Revenons à l’incertitude économique qui touche déjà les marchés et bientôt, la confiance des consommateurs et des PME. Le gouvernement compte sur la baisse progressive des taux directeurs pour alléger le coût des emprunts, et ainsi atténuer les impacts des tarifs douaniers.
Le ministre prévoit une croissance modeste de 1,1 % en 2025 et de 1,4 % en 2026. Certains l’accusent d’optimisme naïf. Le porte-parole de l’AQMAT, Richard Darveau, défend toutefois cette posture : « Quel avantage aurait eu le gouvernement à annoncer une récession ? Le politique a le devoir moral d’insuffler de la confiance pour éviter que la peur ne paralyse tout. »
Pour appuyer cette confiance, le gouvernement a annoncé une hausse des investissements en infrastructures de 11 milliards sur trois ans.
L’AQMAT se réjouit pour ses membres qui soumissionnent sur des projets comme des écoles, des centres de santé ou des logements sociaux.
Sur 10 ans, le Plan québécois des infrastructures (PQI) 2025-2035 atteint désormais 164 milliards de dollars, en hausse de 7 %.
Malgré une augmentation notable du PQI, il faut déplorer qu’aucune nouvelle somme ne semble spécifiquement dédiée dans ce Budget à soutenir les municipalités dans la modernisation de leurs infrastructures souterraines (égouts et aqueducs) pour permettre la réalisation de nouveaux projets immobiliers.
Pour diversifier les marchés, 195,8 millions sont prévus sur cinq ans pour : poursuivre la stratégie maritime; appuyer les projets d’exportation; soutenir le réseau des représentations à l’étranger.
Le commerce interprovincial, représentant 103 milliards $ et 18 % du PIB en 2023, demeure une priorité. Québec travaillera avec les autres provinces et le fédéral pour éliminer les obstacles internes.

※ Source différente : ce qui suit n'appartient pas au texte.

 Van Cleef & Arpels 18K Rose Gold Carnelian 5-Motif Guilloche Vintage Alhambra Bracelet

Le document budgétaire prévoit notamment : de revoir certaines exceptions à l’ALEC; de maintenir sa participation à la Table de conciliation et de coopération; d’améliorer la mobilité de la main-d’œuvre en réduisant les délais d’accréditation (objectif : 30 jours); de soutenir l’expansion interprovinciale des entreprises via les Bureaux du Québec au Canada et Investissement Québec International.

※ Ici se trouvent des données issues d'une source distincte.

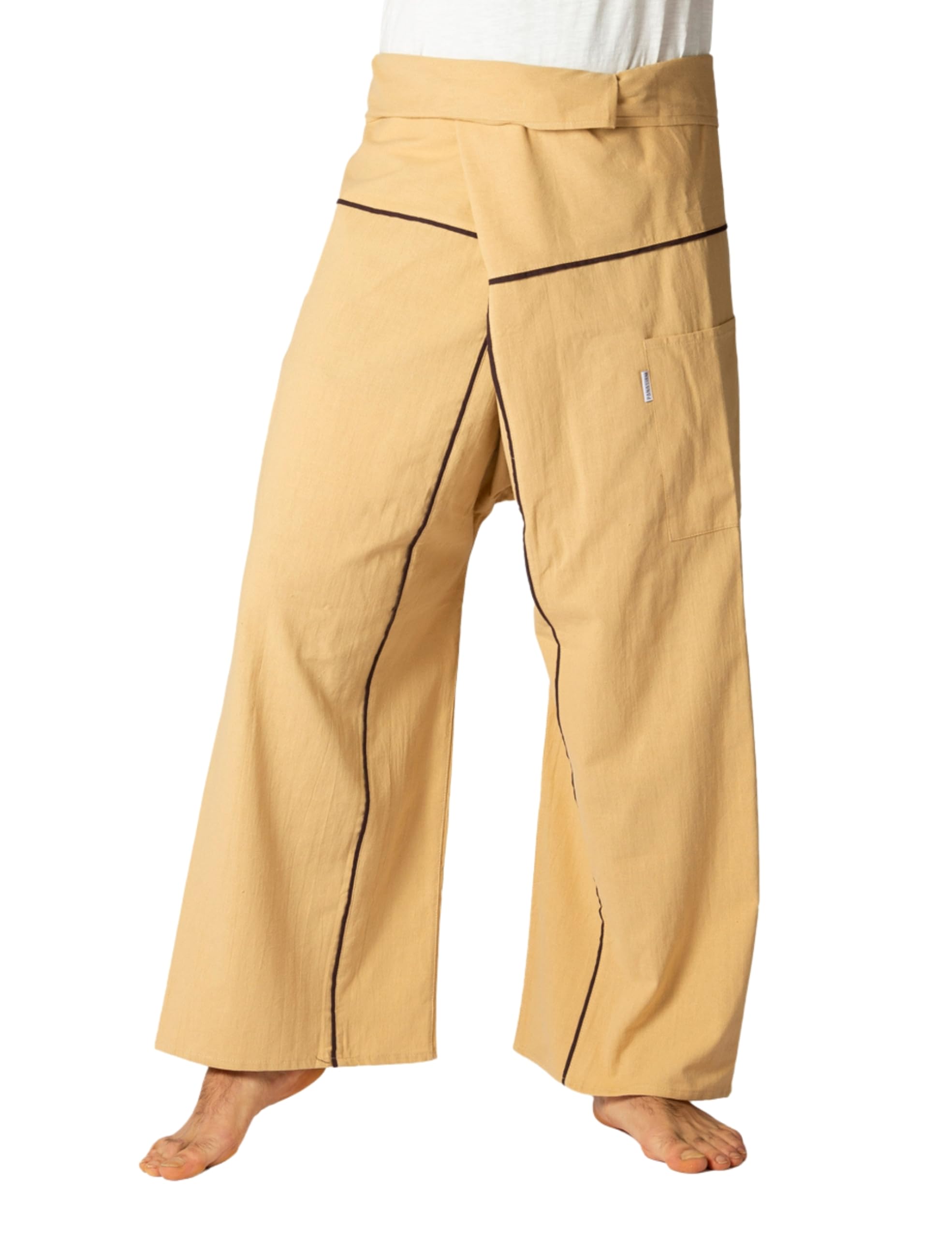 Panasiam Unisex Beige Fisherman Pants Stripe-Design, L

L’AQMAT salue la reconnaissance de l’enjeu du camionnage comme facteur clé dans la fluidité des échanges interprovinciaux.
Le gouvernement continue d’encourager l’achat local avec un appui supplémentaire de 4,5 millions sur deux ans à l’organisme Les Produits du Québec.
Le soutien aux PME soulève néanmoins un certain paradoxe : bien que ces 277 500 entreprises soient désignées comme le socle du Québec Inc., les grands projets étrangers semblent parfois être les grands gagnants.
L’AQMAT insiste sur l’importance du repreneuriat. Elle salue donc l’annonce de 42,3 millions sur trois ans pour le Plan PME 2025-2028 visant à : accompagner l’innovation; renforcer la compétitivité; faciliter le repreneuriat; réduire la paperasse.
L’AQMAT entend aussi discuter avec le gouvernement à propos des mutuelles pilotées par des OSBL, notamment en matière de santé-sécurité au travail et d’assurances. « Nos membres attendent des économies d’échelle et du partage de connaissances », souligne Crystelle Cormier, cheffe de la direction de l’AQMAT.
Le programme DÉPART, lancé en 2023, vise à revitaliser les MRC les plus dévitalisées. Le budget prévoit 15 millions supplémentaires sur deux ans à partir de 2026-2027 pour accompagner les projets d’entreprises.